Problem details - From the records below, please print only the lines from the one containing "Nhớ về những" through the one containing "Gori američki nacionalni", both included. Skip the pictures.

Records provided -
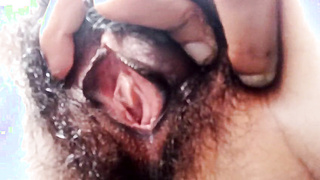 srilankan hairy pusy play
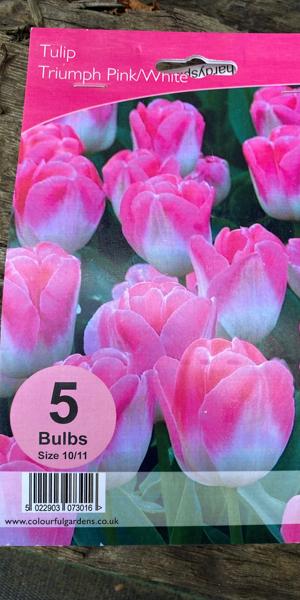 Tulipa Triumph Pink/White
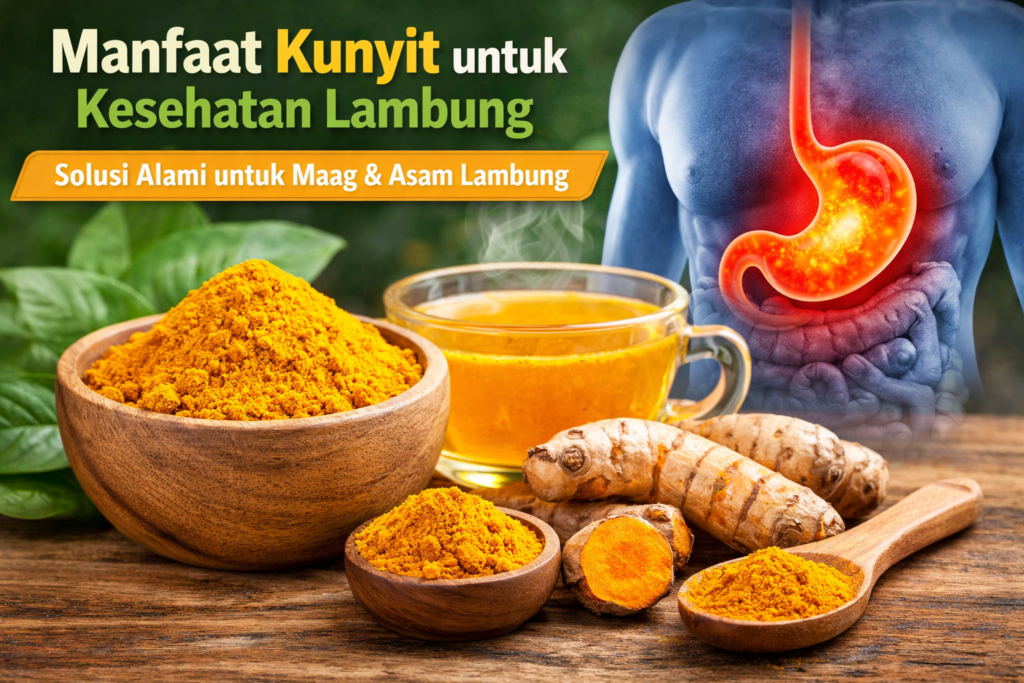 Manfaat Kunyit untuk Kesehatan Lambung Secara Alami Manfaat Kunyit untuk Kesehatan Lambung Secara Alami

==

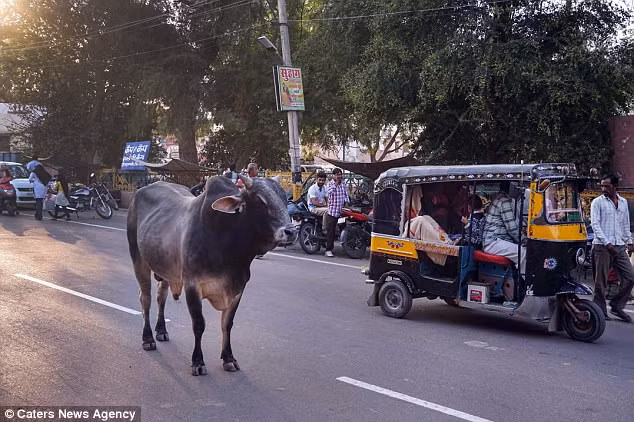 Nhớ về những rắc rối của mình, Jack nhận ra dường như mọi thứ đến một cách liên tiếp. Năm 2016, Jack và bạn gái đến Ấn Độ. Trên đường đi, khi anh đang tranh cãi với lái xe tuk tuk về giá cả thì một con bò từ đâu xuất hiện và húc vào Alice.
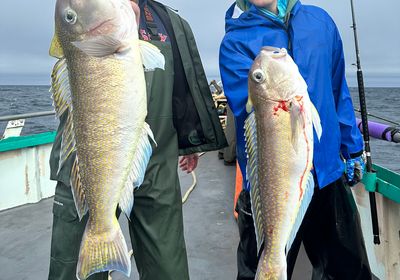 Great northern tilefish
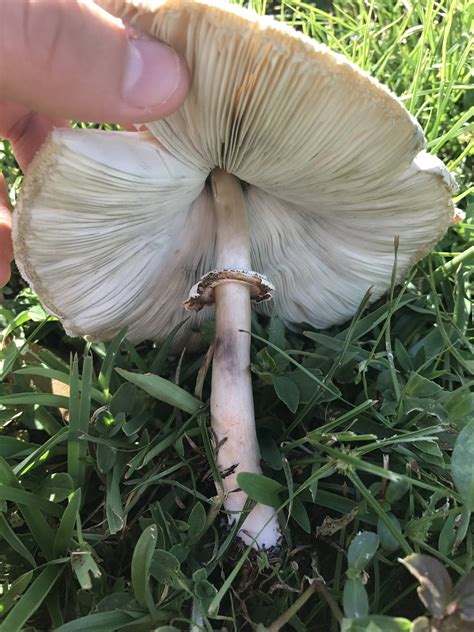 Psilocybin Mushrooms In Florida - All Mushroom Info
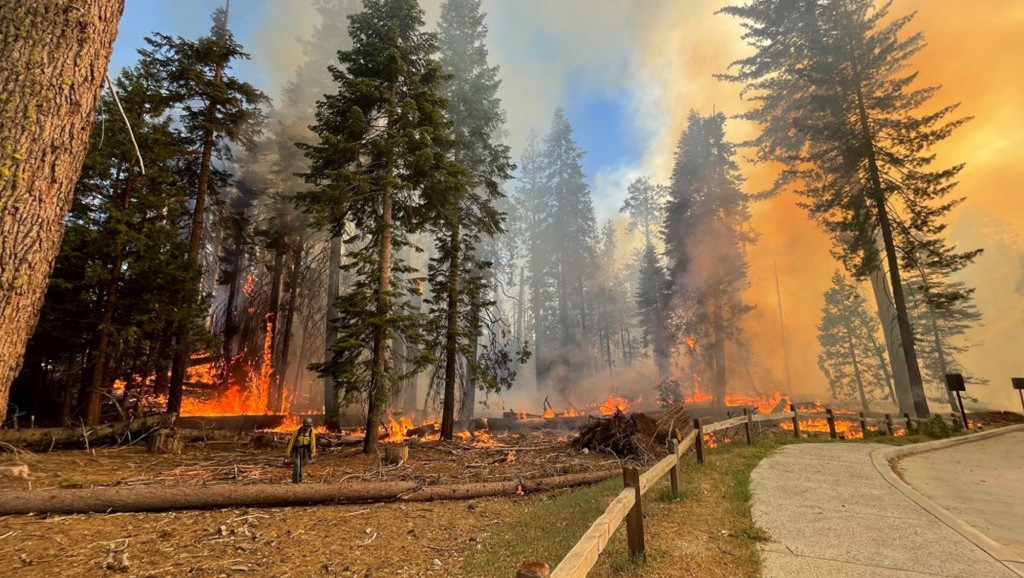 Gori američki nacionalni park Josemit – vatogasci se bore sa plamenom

Solution to this exercise -
 Nhớ về những rắc rối của mình, Jack nhận ra dường như mọi thứ đến một cách liên tiếp. Năm 2016, Jack và bạn gái đến Ấn Độ. Trên đường đi, khi anh đang tranh cãi với lái xe tuk tuk về giá cả thì một con bò từ đâu xuất hiện và húc vào Alice.
 Great northern tilefish
 Psilocybin Mushrooms In Florida - All Mushroom Info
 Gori američki nacionalni park Josemit – vatogasci se bore sa plamenom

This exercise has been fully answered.